I guess first of all, I don't know which drive is the problem--any way to find out without deleting everything? 

Assuming my internal drive is the problem is there any way for me to copy my internal drive to a new one & successfully marry it to the External without losing shows?

Barring that--perhaps move them all to a new larger internal drive?

Or would I just be better off buying a new drive & trying to marry the external to it afterward w/o saving any shows...

Thanks for the opinions guys...


----------



## lafos (Nov 8, 2004)

Check the connection on the eSATA drive cable and make sure that its seated. If you boot without the eSATA drive, does it get to the screen saying it can't find the external storage? If not, then the problem is likely inside the TiVo. If you do get to that screen, you can decide whether to bite the bullet and divorce the drive, losing most of your recordings. If the external drive is bad, you'll likely lose them anyway.

Good luck!


----------



## rz1224 (Jun 5, 2003)

Thanks for the reply Lafos. I do not get the external storage message--only the 'powering up' screen and there it stays. So can I assume that the internal drive is probably bad & the external one is fine?

That being the case I would think my best option would be to get a new internal drive, format it using InstantCake & then marry the external drive to it again using the WINMFS/MFSAdd. Don't think there is any way to avoid losing my recordings though is there?...

If I bought a 1TB drive for the internal can I still add the DVR Expander's 500GB for a total of 1.5TB? I would assume that the instantcake drive would be considered 'modified' and I would have to use the "What is the method to add an eSATA drive if I previously upgraded my TiVo?" section of the how-to below even though it is a Tivo Supported External ESATA correct?
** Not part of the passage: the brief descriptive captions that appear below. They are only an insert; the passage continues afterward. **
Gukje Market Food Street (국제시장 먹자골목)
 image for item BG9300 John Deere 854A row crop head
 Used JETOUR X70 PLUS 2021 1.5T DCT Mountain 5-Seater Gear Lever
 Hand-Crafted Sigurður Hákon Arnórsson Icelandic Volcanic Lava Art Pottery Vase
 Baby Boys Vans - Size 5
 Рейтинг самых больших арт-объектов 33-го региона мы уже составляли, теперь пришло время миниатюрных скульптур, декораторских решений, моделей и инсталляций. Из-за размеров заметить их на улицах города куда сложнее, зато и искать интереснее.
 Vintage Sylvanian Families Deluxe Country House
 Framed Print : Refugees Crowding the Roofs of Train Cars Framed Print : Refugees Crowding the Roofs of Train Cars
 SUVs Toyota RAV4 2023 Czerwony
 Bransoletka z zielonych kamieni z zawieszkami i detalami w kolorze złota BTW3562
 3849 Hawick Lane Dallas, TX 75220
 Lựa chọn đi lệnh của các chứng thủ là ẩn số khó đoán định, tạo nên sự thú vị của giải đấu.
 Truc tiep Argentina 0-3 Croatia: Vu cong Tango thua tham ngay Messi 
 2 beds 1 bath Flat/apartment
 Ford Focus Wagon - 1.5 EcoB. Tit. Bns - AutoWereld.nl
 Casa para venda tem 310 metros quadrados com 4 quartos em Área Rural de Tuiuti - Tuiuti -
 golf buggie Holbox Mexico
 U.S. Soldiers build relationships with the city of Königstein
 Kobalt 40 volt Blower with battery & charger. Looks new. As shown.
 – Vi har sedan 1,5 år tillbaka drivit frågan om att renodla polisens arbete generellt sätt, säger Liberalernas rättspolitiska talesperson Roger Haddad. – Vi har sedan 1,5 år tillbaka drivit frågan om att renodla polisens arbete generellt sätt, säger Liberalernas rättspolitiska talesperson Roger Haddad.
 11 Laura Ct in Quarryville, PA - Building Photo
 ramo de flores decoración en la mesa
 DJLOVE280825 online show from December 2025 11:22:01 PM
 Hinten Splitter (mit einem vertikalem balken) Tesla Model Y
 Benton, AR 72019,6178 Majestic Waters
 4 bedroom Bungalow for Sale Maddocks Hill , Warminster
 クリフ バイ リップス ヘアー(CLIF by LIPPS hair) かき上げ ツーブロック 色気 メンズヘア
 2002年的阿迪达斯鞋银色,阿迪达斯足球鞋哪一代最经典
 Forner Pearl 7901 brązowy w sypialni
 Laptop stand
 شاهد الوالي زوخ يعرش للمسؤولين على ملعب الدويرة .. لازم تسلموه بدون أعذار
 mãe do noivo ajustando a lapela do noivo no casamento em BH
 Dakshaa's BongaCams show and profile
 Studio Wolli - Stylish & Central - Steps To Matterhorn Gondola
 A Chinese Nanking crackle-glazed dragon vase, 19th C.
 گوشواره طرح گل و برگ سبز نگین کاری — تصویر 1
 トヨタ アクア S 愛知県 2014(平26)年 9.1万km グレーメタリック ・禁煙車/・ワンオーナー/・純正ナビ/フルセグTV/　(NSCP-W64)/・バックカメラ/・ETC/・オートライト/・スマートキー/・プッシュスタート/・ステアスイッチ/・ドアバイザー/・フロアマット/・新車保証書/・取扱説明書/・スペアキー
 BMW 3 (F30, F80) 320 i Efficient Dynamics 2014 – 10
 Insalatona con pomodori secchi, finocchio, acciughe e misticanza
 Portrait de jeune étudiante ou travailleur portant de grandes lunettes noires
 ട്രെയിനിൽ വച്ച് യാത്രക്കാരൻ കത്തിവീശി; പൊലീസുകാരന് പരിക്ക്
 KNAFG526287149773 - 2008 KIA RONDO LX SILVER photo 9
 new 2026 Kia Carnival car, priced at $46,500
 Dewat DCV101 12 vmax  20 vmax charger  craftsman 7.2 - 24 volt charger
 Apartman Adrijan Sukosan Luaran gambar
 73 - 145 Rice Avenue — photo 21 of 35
http://tivocommunity.com/tivo-vb/showthread.php?t=370784


----------



## lafos (Nov 8, 2004)

Well, if the TiVo won't boot, then your recordings are not accessible. I put a 1TB in my S3 and got 157 HD hours. If you want to use the DVR expander, then you'll have to use the process you described.


----------



## tjbx (Nov 4, 2007)

I'm in nearly the same boat though not quite as bad off. My tivohd has recently been behaving badly, slow menus, live tv freezing, shows not recording fully, etc. I know one of the disks is going bad. My system still boots fine and complains if I unplug the external drive so it's not clear which disk is the bad one. 

Is there anyway to save the recordings I have from the two disks onto the new 1TB disk? If not, is the best way to proceed to unmarry the two disks, then try to copy the internal drive to the new drive and expand it, then possibly re-add the external again?


----------